Erdo˘gan will Details zu Khashoggis Tod liefern
Der türkische Präsident fordert Aufklärung zum Mord am saudischen Journalisten. Gleichzeitig will er politisches Kapital aus dem Fall schlagen.
Die türkische Regierung droht mit weiteren Enthüllungen zur Ermordung des saudischen Regimekritikers Jamal Khashoggi. Die bisherigen Erklärungen reichen nicht, heißt es in Ankara. Portionsweise lieferte Saudi-Arabien bisher neue Erklärungen zum Tod des Journalisten, der am 2. Oktober das saudische Konsulat in Istanbul betrat und nie wieder gesehen wurde. Ein Faustkampf, bei dem der 59-Jährige tödlich getroffen wurde? Ein schiefgegangener Entführungsversuch, versehentlicher Erstickungstod durch einen unglücklichen Würgegriff?
Dass man überhaupt von dem Mord erfuhr, ist den Abhöreinrichtungen zu verdanken, die der türkische Geheimdienst offenbar im Konsulatsgebäude installiert hatte. Staatschef Recep Tayyip Erdoğan, der sonst schnell mit Kommentaren zur Hand ist, hielt sich bisher mit öffentlichen Äußerungen zu dem Fall auffallend zurück. Heute, Dienstag, will er sich zum Tod des Journalisten äußern und dabei „ins Detail“gehen, kündigte er an.
Bislang fütterten türkische Stellen über die regierungstreue Zeitung „Sabah“die Weltöffentlichkeit mit immer neuem Material, wie Details über die Tötung Khashoggis und Fotos des mutmaßlichen Killerkommandos. Am Montag berichtete eine türkische Zeitung, dass der Leiter des zur Ausschaltung von Khashoggi entsandten Kommandos von Istanbul aus vier Mal mit dem Büroleiter des saudischen Kronprinzen Mohammed bin Salman telefoniert habe.

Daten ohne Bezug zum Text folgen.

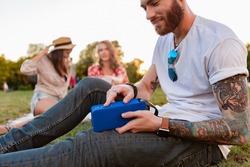 young hipster company of friends having fun together in park smiling listening to music on wireless speaker, summer style season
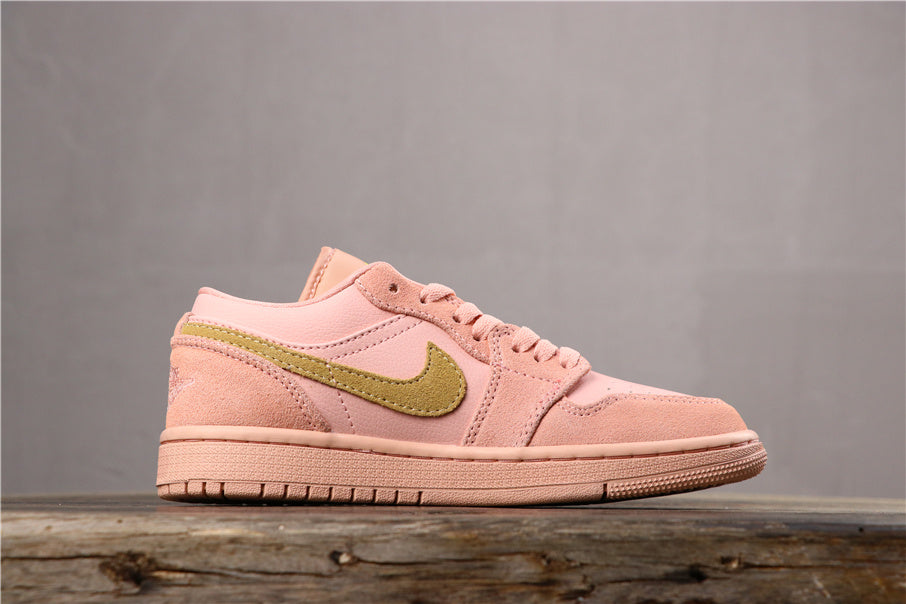 Side profile of the coral pink low-top sneaker showing the gold-toned side emblem, layered panels, low collar, and rubber outsole.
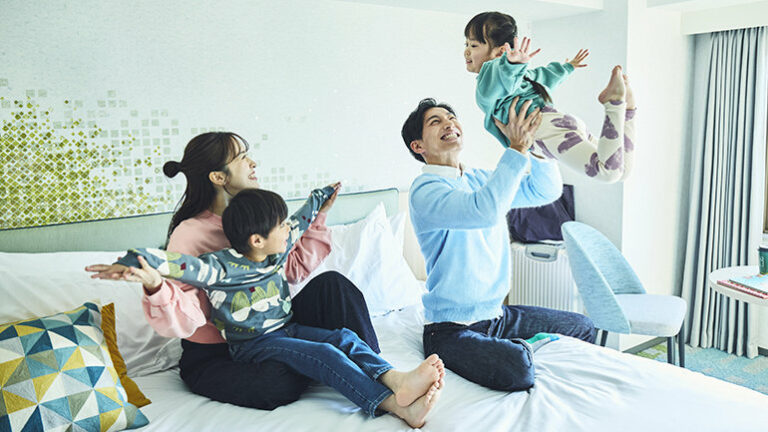 A smiling family sat on a freshly made bed, a 7 year old boy sits on his mother’s lap and the father is throwing a 4 year old girl into the air.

Diese Veröffentlichungen sind vor allem für die Regierungen in Riad und Washington bestimmt. Erdoğan persönlich entscheide, was zu welchem Zeitpunkt an die Öffentlichkeit gelange und was zurückgehalten werde, berichten Personen, die mit den Vorgängen in Ankara vertraut sind. Dass die Saudis ihr Istanbuler Konsulat in eine Hinrichtungsstätte verwandelten, muss für Erdoğan empörend sein.
Doch Erdoğan weiß das Drama auch für seine Interessen zu nutzen. Die Türkei rivalisiert mit Saudi-Arabien um Einfluss in der Nahostregion. Man wolle niemanden vorverurteilen, sagte Erdoğans Parteisprecher Ömer Çelik am Samstag, „aber wir lassen es nicht zu, dass irgendetwas vertuscht wird“. Die Türkei werde „alles aufdecken, was hier vorgefallen ist“. Damit erhöht Erdoğan nicht nur den Druck auf Riad. Weitere Enthüllungen könnten auch die USA als engen Verbündeten Saudi-Arabiens kompromittieren. So erklärt sich, dass US-Präsident Donald Trump, der die offizielle Version aus Riad zunächst als „glaubwürdig“bezeichnet hatte, inzwischen zurückruderte: „Nein, ich bin nicht zufrieden.“
Erdoğan dürfte auf Zugeständnisse Washingtons in den gespannten amerikanisch-türkischen Beziehungen hoffen. Das Verhältnis hat sich seit der Entlassung des amerikanischen Pastors Andrew Brunson aus dem türkischen Hausarrest zwar etwas entspannt. Aber die Wirtschaftssanktionen gegen Ankara hat Trump bisher nicht aufgehoben. Auch die in Washington geführten Ermittlungen gegen die staatliche türkische Halkbank, der wegen Verstößen gegen die IranSanktionen Milliardenstrafen drohen, bereiten der Regierung in Ankara Kopfschmerzen. Womöglich erwartet Erdoğan auch in diesem Punkt Entgegenkommen.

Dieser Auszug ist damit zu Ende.